▶ [What you should do]: Output verbatim the lines beginning at the one that contains "baked cod fish" and ending at the last line of the material, inclusive of both.

▶ [Exercise input]:
********

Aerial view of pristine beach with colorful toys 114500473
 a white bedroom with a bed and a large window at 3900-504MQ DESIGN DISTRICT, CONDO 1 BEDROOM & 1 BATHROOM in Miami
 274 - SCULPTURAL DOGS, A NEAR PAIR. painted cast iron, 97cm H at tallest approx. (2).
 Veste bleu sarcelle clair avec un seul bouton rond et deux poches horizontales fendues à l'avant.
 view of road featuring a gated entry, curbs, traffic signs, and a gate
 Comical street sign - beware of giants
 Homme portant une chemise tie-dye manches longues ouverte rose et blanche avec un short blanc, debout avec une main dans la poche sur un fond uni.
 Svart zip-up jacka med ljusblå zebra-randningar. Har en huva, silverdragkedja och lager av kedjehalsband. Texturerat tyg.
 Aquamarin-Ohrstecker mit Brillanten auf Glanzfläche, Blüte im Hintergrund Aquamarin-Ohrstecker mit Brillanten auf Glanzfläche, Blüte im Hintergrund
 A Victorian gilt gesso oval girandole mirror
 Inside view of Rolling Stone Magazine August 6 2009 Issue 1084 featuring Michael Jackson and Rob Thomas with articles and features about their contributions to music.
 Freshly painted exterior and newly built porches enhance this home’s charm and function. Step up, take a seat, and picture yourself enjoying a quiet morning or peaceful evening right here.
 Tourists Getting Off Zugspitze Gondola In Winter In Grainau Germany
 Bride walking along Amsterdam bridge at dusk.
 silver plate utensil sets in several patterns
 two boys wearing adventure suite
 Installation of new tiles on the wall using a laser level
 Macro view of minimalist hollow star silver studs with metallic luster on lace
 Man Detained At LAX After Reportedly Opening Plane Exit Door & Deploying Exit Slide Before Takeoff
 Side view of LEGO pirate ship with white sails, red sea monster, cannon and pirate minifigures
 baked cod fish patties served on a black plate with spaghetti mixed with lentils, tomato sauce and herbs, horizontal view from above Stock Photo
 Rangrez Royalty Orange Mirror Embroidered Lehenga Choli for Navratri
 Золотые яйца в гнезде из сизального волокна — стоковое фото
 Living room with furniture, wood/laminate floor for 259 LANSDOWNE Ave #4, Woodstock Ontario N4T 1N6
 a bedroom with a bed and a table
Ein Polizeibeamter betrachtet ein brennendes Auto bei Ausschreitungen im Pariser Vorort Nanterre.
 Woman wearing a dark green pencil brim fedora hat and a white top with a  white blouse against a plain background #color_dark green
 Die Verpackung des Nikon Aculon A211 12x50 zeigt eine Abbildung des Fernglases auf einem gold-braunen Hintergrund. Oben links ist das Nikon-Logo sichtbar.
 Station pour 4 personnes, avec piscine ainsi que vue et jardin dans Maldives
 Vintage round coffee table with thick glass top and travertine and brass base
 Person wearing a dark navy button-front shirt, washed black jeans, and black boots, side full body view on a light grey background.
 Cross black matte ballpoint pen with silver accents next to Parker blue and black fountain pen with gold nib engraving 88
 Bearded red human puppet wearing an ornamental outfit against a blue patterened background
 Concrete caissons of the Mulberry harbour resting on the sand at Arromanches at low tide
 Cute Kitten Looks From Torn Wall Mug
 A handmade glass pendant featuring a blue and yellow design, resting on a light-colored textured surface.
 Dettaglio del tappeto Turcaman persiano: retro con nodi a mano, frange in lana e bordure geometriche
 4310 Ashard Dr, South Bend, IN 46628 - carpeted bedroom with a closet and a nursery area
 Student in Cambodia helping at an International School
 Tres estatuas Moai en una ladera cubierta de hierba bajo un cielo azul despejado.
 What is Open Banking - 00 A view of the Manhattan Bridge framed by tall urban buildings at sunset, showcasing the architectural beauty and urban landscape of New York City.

********

▶ [Output for this exercise]:
 baked cod fish patties served on a black plate with spaghetti mixed with lentils, tomato sauce and herbs, horizontal view from above Stock Photo
 Rangrez Royalty Orange Mirror Embroidered Lehenga Choli for Navratri
 Золотые яйца в гнезде из сизального волокна — стоковое фото
 Living room with furniture, wood/laminate floor for 259 LANSDOWNE Ave #4, Woodstock Ontario N4T 1N6
 a bedroom with a bed and a table
Ein Polizeibeamter betrachtet ein brennendes Auto bei Ausschreitungen im Pariser Vorort Nanterre.
 Woman wearing a dark green pencil brim fedora hat and a white top with a  white blouse against a plain background #color_dark green
 Die Verpackung des Nikon Aculon A211 12x50 zeigt eine Abbildung des Fernglases auf einem gold-braunen Hintergrund. Oben links ist das Nikon-Logo sichtbar.
 Station pour 4 personnes, avec piscine ainsi que vue et jardin dans Maldives
 Vintage round coffee table with thick glass top and travertine and brass base
 Person wearing a dark navy button-front shirt, washed black jeans, and black boots, side full body view on a light grey background.
 Cross black matte ballpoint pen with silver accents next to Parker blue and black fountain pen with gold nib engraving 88
 Bearded red human puppet wearing an ornamental outfit against a blue patterened background
 Concrete caissons of the Mulberry harbour resting on the sand at Arromanches at low tide
 Cute Kitten Looks From Torn Wall Mug
 A handmade glass pendant featuring a blue and yellow design, resting on a light-colored textured surface.
 Dettaglio del tappeto Turcaman persiano: retro con nodi a mano, frange in lana e bordure geometriche
 4310 Ashard Dr, South Bend, IN 46628 - carpeted bedroom with a closet and a nursery area
 Student in Cambodia helping at an International School
 Tres estatuas Moai en una ladera cubierta de hierba bajo un cielo azul despejado.
 What is Open Banking - 00 A view of the Manhattan Bridge framed by tall urban buildings at sunset, showcasing the architectural beauty and urban landscape of New York City.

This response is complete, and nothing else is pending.